Blog Post on the STSM “Building language corpora for educational and research purposes”, by Enriketa Sogutlu at Friedrich-Alexander-Universität, Erlangen-Nürnberg, Germany
The STSM “Building language corpora for educational and research purposes” took place from October 2, 2023 to October 6, 2023 at Friedrich-Alexander-Universität, Erlangen-Nürnberg, in Germany, under the supervision of Dr.Besim Kabashi at the Computational Corpus Linguistics Group. The main objective of this STSM was to contribute to work carried out in building corpora in a low-resourced language such as Albanian.
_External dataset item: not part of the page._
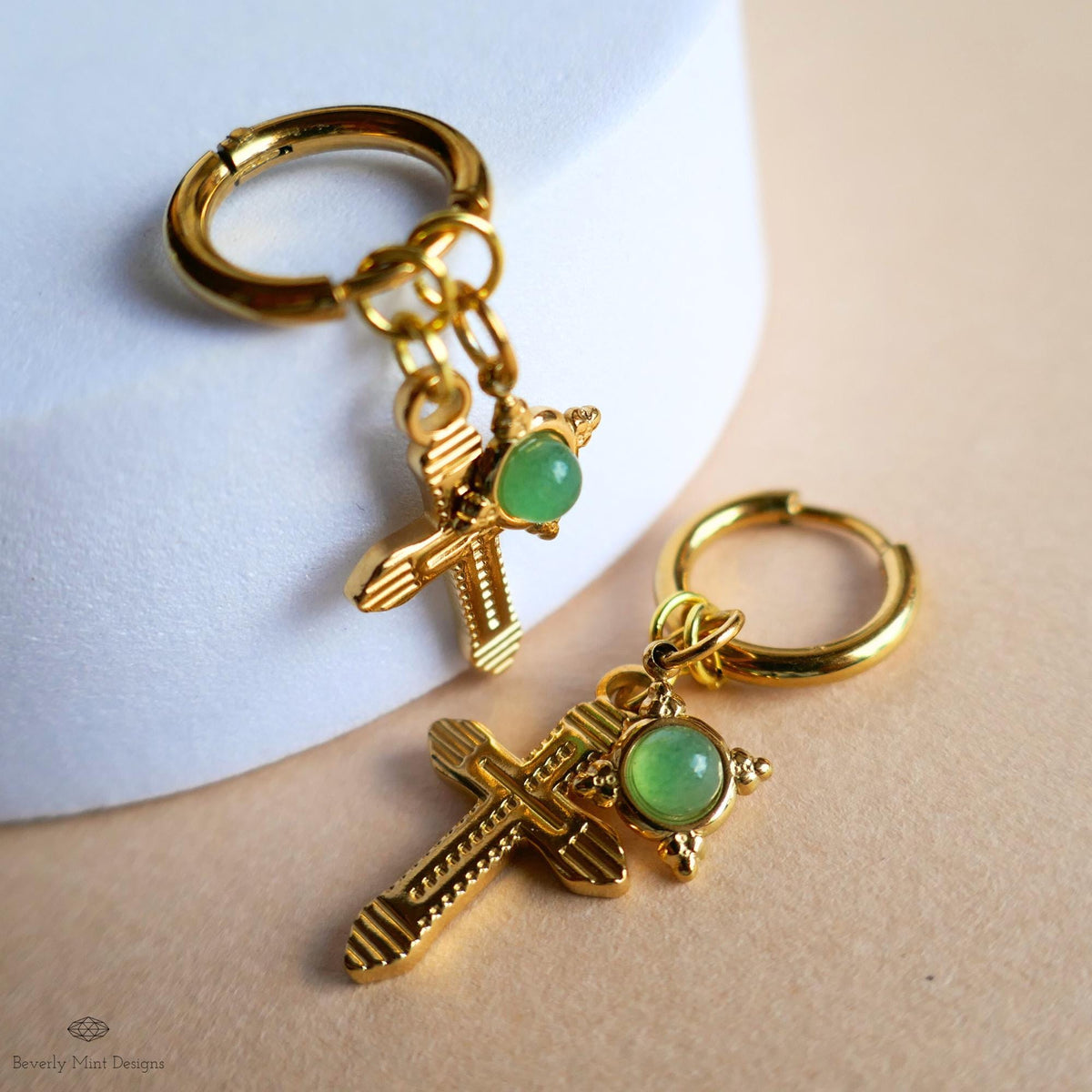two gold cross earrings with green gemstones hanging from them.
The aim was to investigate and analyze syntactic annotations from an existing Albanian framework and to consider ways how to enrich and/or enhance them for both research and educational purposes. Our work focused on the Albanian treebank in the Universal Dependencies.
The main results of the STSM can be summarized as follows:
- First an introductory workshop on building linguistic corpora and the steps involved in it was organized.
- Then Universal Dependencies https://universaldependencies.org/ tree bank was explored in terms of component parts: tokenization and word segmentation, POs features, morphology, and syntax. As syntax constituted the focus of the visit, its description in the Albanian tree bank https://universaldependencies.org/sq/index.html and the six components included in it were explored and analyzed.
- Out of the 60 sentences in the Albanian tree bank (https://github.com/UniversalDependencies/UD_Albanian-TSA/blob/master/sq_tsa-ud-test.conllu, 10 were randomly selected. Sentences considered as needing improvement were double checked and discussed. Initially the issues identified in the existing annotation were discussed, then ways to improve them were considered.
- A final discussion of results demonstrated that the most common issues were the need to enrich syntax content and categories and their explanations in terms of sentence and clause types; and a reconsideration of the classification of the verb “to be”. We also discussed the need for and the possibility of creating a new Albanian dataset from scratch.
- Finally, examples from the Albanian treebank including challenges and how to address them will be used for educational purposes in the instruction of syntactic dependencies mostly focusing on comparative analysis of English and Albanian dataset included in the UD.
My visit to Friedrich-Alexander-Universität in Erlangen was extremely enriching. I had the opportunity to become more familiar with Dr.Besim Kabashi’s work on Albanian and his immense resources.